Verizon is buying prepaid carrier TracFone, lured by resale market
Verizon is buying prepaid carrier TracFone, lured by resale market
Two big wireless service companies have signed a nearly $7 billion deal. Verizon, the country’s biggest wireless provider, is acquiring TracFone, the country’s biggest cellphone service reseller. That’s phone-industry speak for monthly, prepaid plans. Why does a contract king like Verizon want to expand its contractless phone business?
People who use a prepaid, month-to-month phone plan are usually people who are living month to month.
“Having a prepaid phone means that you control what the charges are and when the charges are,” said Angela Siefer, executive director of the National Digital Inclusion Alliance.
Maybe your credit history means you don’t qualify for a traditional contract plan. Or you can’t afford your plan one month so you downgrade.
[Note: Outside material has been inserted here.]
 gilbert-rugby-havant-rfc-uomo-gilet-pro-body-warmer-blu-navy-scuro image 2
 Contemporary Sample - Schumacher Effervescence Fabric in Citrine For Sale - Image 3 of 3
With a TracFone prepaid plan, $15 a month gets you 500 minutes, 500 texts and 500 megabytes of data. And you can top off your minutes at a retailer like Walmart or Best Buy.
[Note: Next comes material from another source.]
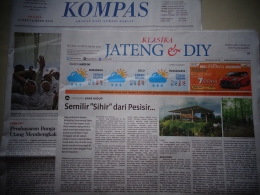 Halaman Klasika Jateng & DIY harian Kompas (13/9) - Foto: Pribadi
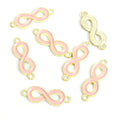 Enamel Infinity Symbol Double Loop Jewelry Connectors view 12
“It’s a huge market,” Siefer said. “And in this recession, we can only assume that the market would increase.”
“When you see higher unemployment levels, when the economy takes a dip, there’s often a shift towards prepaid,” said Brent Iadarola, vice president at market research firm Frost & Sullivan.
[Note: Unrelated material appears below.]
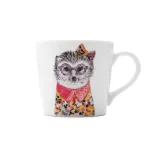Tass Mikasa Tipperleyhill Hedgehog, valge v./punane v., 0.38 l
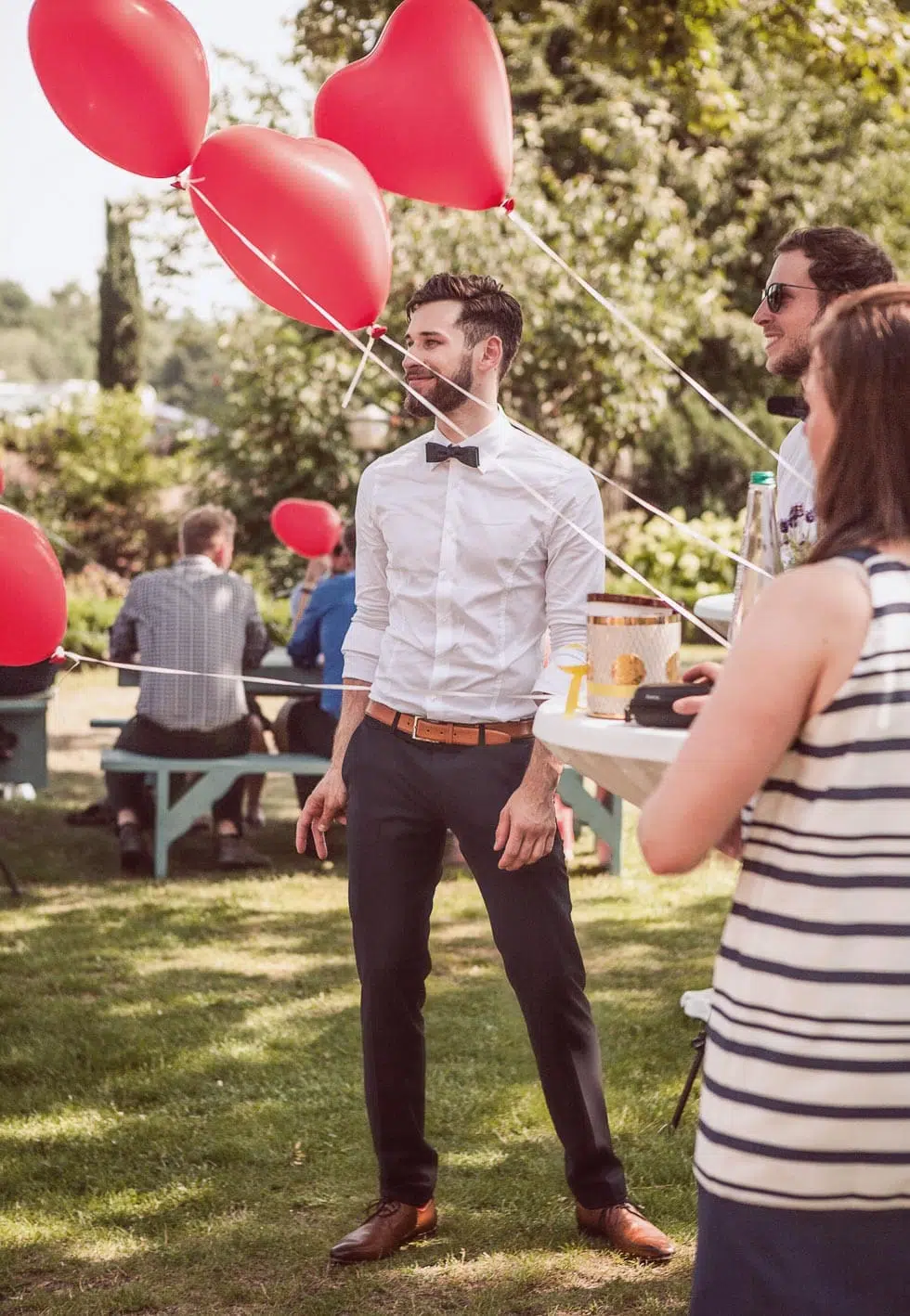 Luftballons steigen lassen Hochzeit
He said prepaid phone plans make up almost 20% of the U.S. market. And Verizon is taking a bet this number will grow fast — faster than the time it would take to bolster its own prepaid service. Because why spend money on a makeover if it can just buy TracFone’s 21 million customers?
“It’s kind of the fast-track way to gain some significant share on the prepaid side,” Iadarola said.
And this deal isn’t just a pandemic grab. It’s a purposeful expansion. Ever since the market was boiled down to three major providers — Verizon, T-Mobile and AT&T — these companies have had to become everything to everyone.
“The carriers are having to look at other ways to grow,” said Terry Kramer, faculty director of the Easton Technology Management Center at UCLA.
The deal still needs approval from antitrust and telecom regulators, but Kramer says it’ll probably go through. Because unlike the T-Mobile and Sprint merger that happened earlier this year, Verizon and TracFone can argue they’re in complementary, not competing, markets.